Father Thomas Berry, a Catholic priest and founder of New York’s Riverdale Center of Religious Research, wrote in 1987 that “Vegetarianism is a way of life that we should all move toward for economic survival, physical well-being, and spiritual integrity.”

This is the 21st century. People used to mistakenly think humans were omnivores, they know now that we resemble the other primates (frugivores), and possess a set of completely herbivorous teeth. People used to worry if one could be healthy on a vegetarian diet; they know now that it’s healthier to be a vegetarian and that all kinds of delicious meatless alternatives are readily available.

And science and technology now provide us with alternatives to animal research and testing including cell cultures; bacterial cultures and protozoan studies; tissue cultures; organ cultures; radioimmunoassay; quantum pharmacology; clinical and epidemiological surveys; gas chromotography and mass spectrometry; mathematical computer or mechanical models; the use of human placenta; and the study of human volunteers.

The number of animals killed for food in the United States is 70 times larger than the number of animals killed in laboratories, 30 times larger than the number killed by hunters and trappers, and 500 times larger than the number of animals killed in animal pounds.

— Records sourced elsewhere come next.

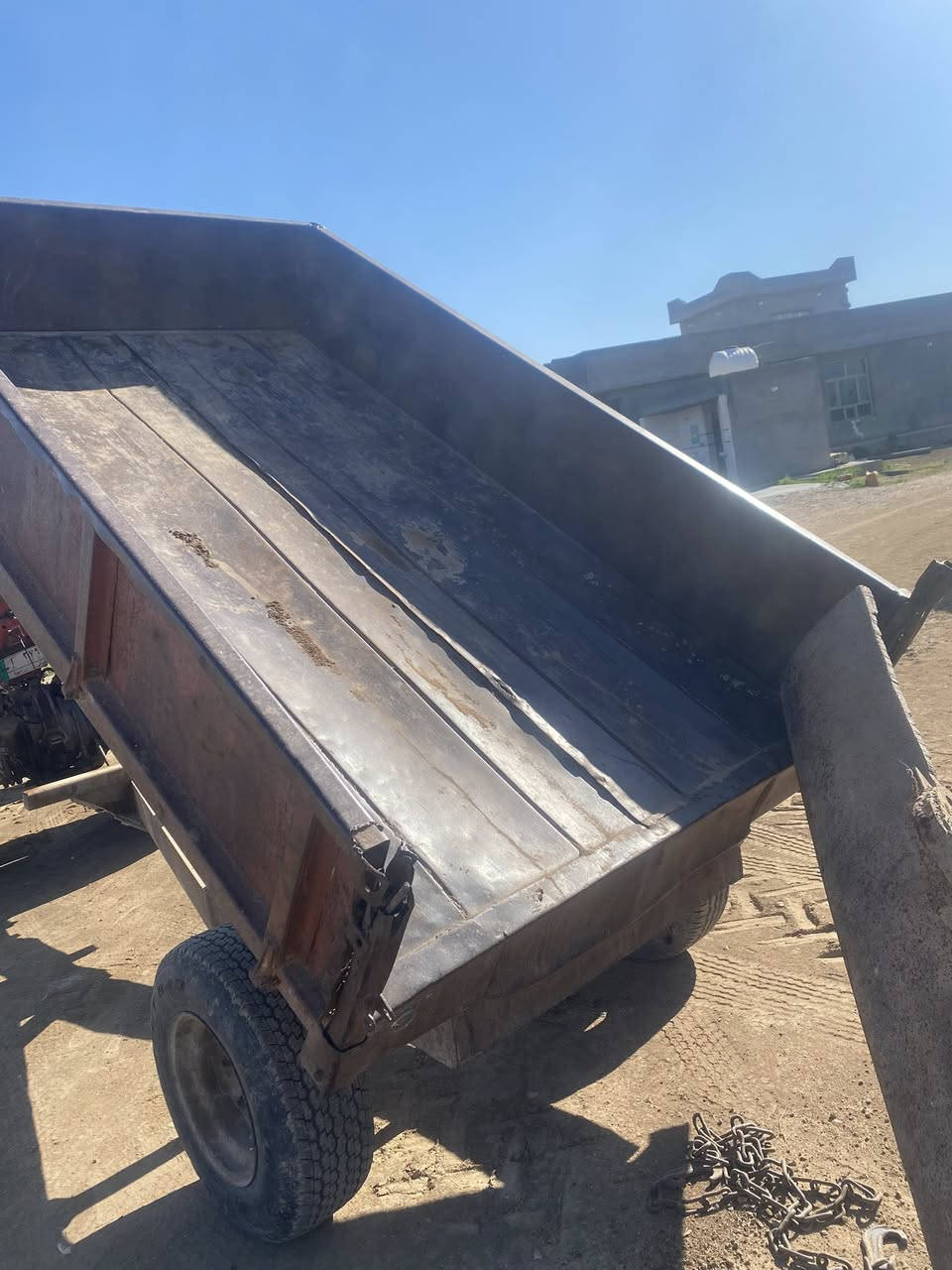 عربانة للبيع قلاب مع معدات فدان خرماشة ديجر للاستفسار ***********     ‭0751 947 3645‬
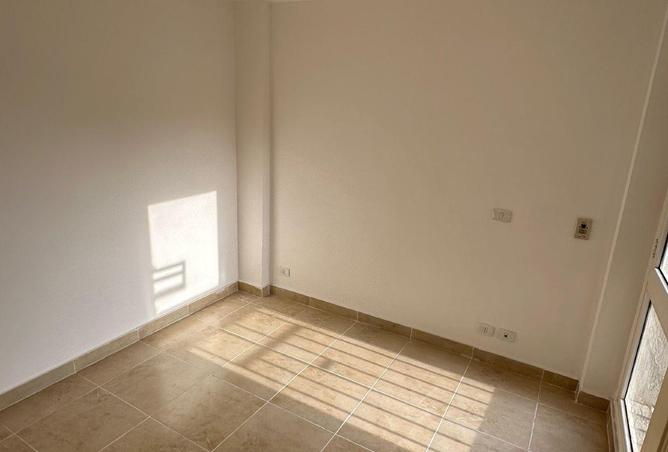 56992095 - صورة العقار 3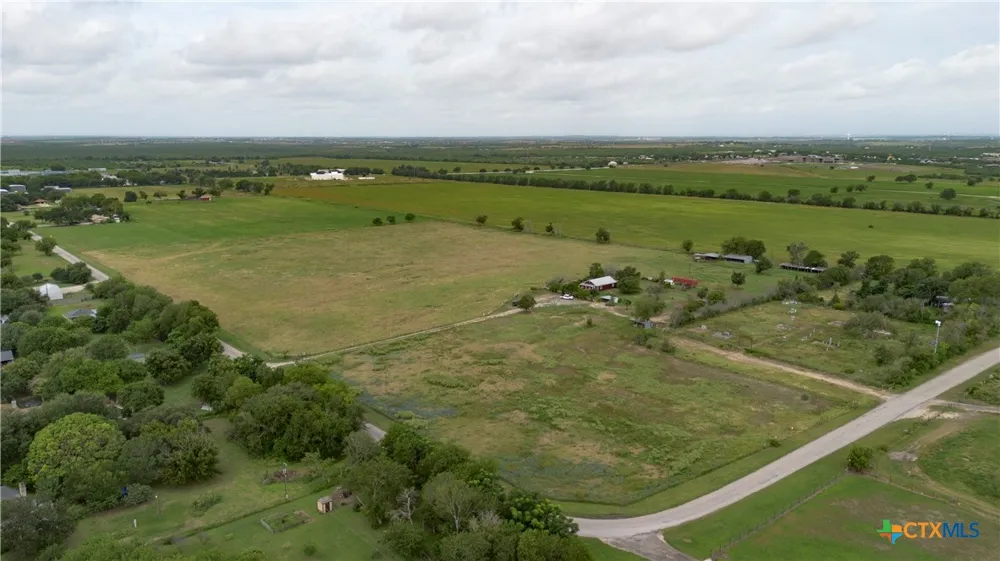 402 Happy Haven Road McQueeney, TX 78123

“If anyone wants to save the planet,” says Paul McCartney, “all they have to do is just stop eating meat. That’s the single most important thing you could do. It’s staggering when you think about it. Vegetarianism takes care of so many things in one shot: ecology, famine, cruelty. Let’s do it! Going veggie is the single best idea for the new century.”

The animal rights movement should be supported by all caring Americans.